New Zealand coach and former captain Haidee Tif-fen welcomes the initiatives, which she says will develop better cricketers, particularly with three one-day internationals and three Twenty20s planned against Australia next month.
"It's great they're being recognised as athletes and remunerated for the value they're bringing to Cricket Australia and women's sport in general.
It's an exciting time to be involved in women's cricket.
"The TV ratings show there's a need to be inspired by sportswomen expressing themselves. The [New Zealand] girls are loving it, and true growth in the game only comes from experiential learning.
"A short-term solution is that this gives the top White Ferns more money. I want that for our players, but we need to look at it holistically. What are the pathways for our young girls to engage? Why do women choose to play and watch, or not? If we can start understanding our culture around cricket, we can serve more people."
Tiffen concurred with former Black Caps captain Daniel Vettori's idea to push for the recruitment of a New Zealand franchise into the Big Bash.
"I'm encouraging our players to make the most of the experience and bring that expertise home," she said. "Our top players will be playing more cricket than they ever have in a summer."
NZC's head of cricket Lindsay Crocker acknowledged the disparity between men's and women's centralised contract retainers - the top men earn retainers in the region of $200,000 - but said they could only afford to base payments on the perceived commercial worth of women.
"England can afford to pay their players outside that commercial worth because they've got the wherewithal to do so," Crocker said.

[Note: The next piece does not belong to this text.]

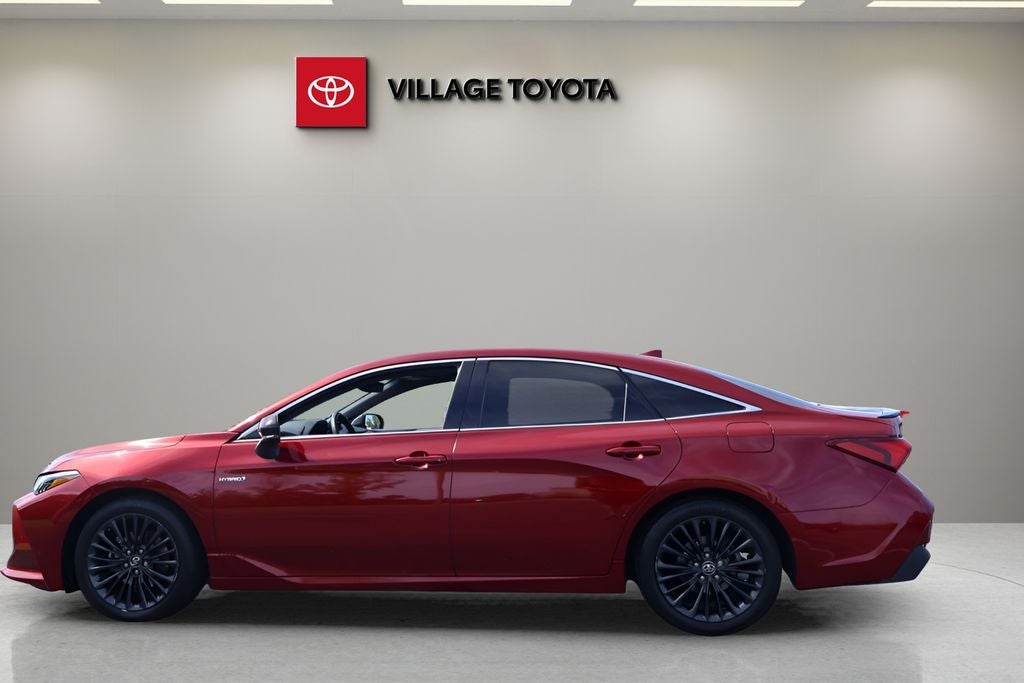 2019 Toyota Avalon Hybrid XSE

"Australia have found value through the women's Big Bash. Piggybacking off them is the initial step to providing a better income. We build the women's schedule around that as a result.
"The $10,000 is probably more like a training allowance than a salary but they've got the freedom to play outside our system in as many leagues as they like.
"Like the men's contracts, we can't match the resources of Australia or England with our smaller funding base."
Crocker says a Women In Cricket project undertaken by NZC this year will endeavour to better understand the relationship of women with the game through players, coaches, fans, volunteers and administrators.
"Hopefully we get a better gauge as to how we develop their professionalism to provide a sustainable career path.
"The women's Big Bash has shown women's cricket has an appeal, if packaged right.
"They've piggybacked off the men's brand rather than creating something separate, which has been contrary to our thinking."
Tiffen says Gayle's gaffe has had a positive impact, in an unconventional way.
"It took an unfortunate situation like this to raise awareness and educate people that it's not OK. It's about men looking at themselves and asking, 'What the hell would I do?' in that situation.
"There's something bubbling away which recognises the value of women cricketers as athletes, not women cricketers compared to male cricketers.
"It can help fathers see their daughters and wives in a different light, and is about creating equality and not tolerating discrimination," said Tiffen.